#129847 - Ant6n - Mon May 28, 2007 5:56 am
Hi,
I am currently exploring the possibility of the emulation of some old architecture on the DS. I have a couple of questions:
1) In some assemblers i have seen an org directives, i.e. saying org 0100h puts the statement following the directive at 0100h; does that exist on devitpro gas?
2) I intend to put the whole cpu interpreter in the itcm, put the emulated devices' memory in the main ram or vram, and keep the data cache for the memory. If i put ".section .itcm,"ax", %progbits ", and compile with the newest devkitpro, will that accomplish that, or do i have to dwelve into the docs for that ominous cp15?
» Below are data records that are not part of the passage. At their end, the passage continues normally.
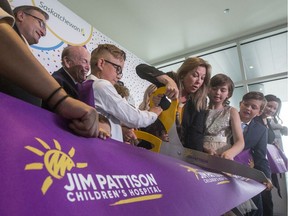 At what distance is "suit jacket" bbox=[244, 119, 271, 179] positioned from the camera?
146cm

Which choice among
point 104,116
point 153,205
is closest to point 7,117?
point 153,205

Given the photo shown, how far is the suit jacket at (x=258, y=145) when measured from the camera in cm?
146

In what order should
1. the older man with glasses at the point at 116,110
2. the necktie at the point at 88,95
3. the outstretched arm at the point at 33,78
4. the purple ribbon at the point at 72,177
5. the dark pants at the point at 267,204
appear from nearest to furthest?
the purple ribbon at the point at 72,177, the outstretched arm at the point at 33,78, the necktie at the point at 88,95, the older man with glasses at the point at 116,110, the dark pants at the point at 267,204

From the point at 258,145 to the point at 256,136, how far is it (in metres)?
0.06

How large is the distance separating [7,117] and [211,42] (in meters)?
4.55

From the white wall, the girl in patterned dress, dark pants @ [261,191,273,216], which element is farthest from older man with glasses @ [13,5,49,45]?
dark pants @ [261,191,273,216]

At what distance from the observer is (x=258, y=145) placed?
151 cm

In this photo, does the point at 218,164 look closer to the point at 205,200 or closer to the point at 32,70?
the point at 205,200

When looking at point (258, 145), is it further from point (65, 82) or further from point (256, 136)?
point (65, 82)

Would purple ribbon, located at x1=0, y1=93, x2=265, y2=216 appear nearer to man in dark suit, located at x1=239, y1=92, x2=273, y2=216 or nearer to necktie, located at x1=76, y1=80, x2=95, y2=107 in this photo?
necktie, located at x1=76, y1=80, x2=95, y2=107

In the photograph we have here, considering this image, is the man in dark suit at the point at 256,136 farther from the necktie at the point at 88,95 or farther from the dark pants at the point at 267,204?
the necktie at the point at 88,95

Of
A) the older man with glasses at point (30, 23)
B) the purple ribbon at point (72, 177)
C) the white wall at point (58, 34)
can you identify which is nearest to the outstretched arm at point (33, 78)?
the purple ribbon at point (72, 177)

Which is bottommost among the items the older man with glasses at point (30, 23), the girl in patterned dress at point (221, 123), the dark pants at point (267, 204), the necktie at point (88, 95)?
the dark pants at point (267, 204)

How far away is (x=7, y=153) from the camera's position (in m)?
0.23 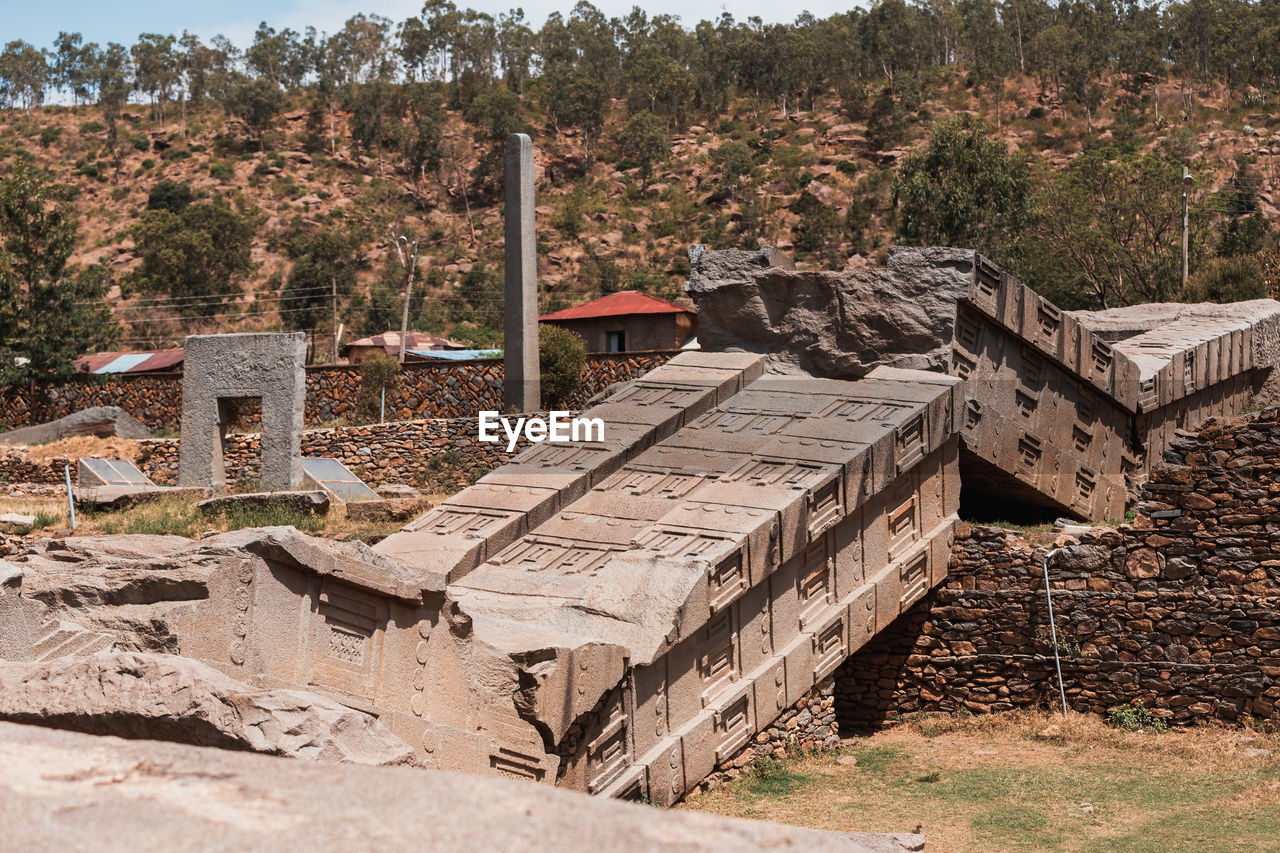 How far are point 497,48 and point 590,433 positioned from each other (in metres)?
57.8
3) MIPS has some cool branch option where after a branch the following instruction(s) would still be executed. One could run some useful instruction in the branch delay and cut down the effective cycles it takes to branch; is there something similar on ARM, to cut down on the 3 cycle branch within itcm?
4) I understand the itcm has a waitstate of 0, meaning a 1 cycle load if there is no interlook. Does anybody know the cycles for the other memory areas (i.e. vram, shared wram)?
thx
anton
#129850 - keldon - Mon May 28, 2007 8:47 am
3: the arm has the same feature
4: check out gbatek; tells ye all that needeth be known in thee seven se..... (must watch pirates of the Caribbean)
#129854 - kusma - Mon May 28, 2007 9:43 am
keldon wrote: |
3: the arm has the same feature |
Uhm, what?! I'm pretty sure this is not true... What the instruction you mean support executing the next couple of instruction (after the branch-instruction as in MIPS) while flushing the pipeline?
#129855 - keldon - Mon May 28, 2007 9:51 am
kusma wrote: |
keldon wrote: | 3: the arm has the same feature |
Uhm, what?! I'm pretty sure this is not true... What the instruction you mean support executing the next couple of instruction (after the branch-instruction as in MIPS) while flushing the pipeline? |
Oh, I completely misread that and immediately thought of execute (with condition).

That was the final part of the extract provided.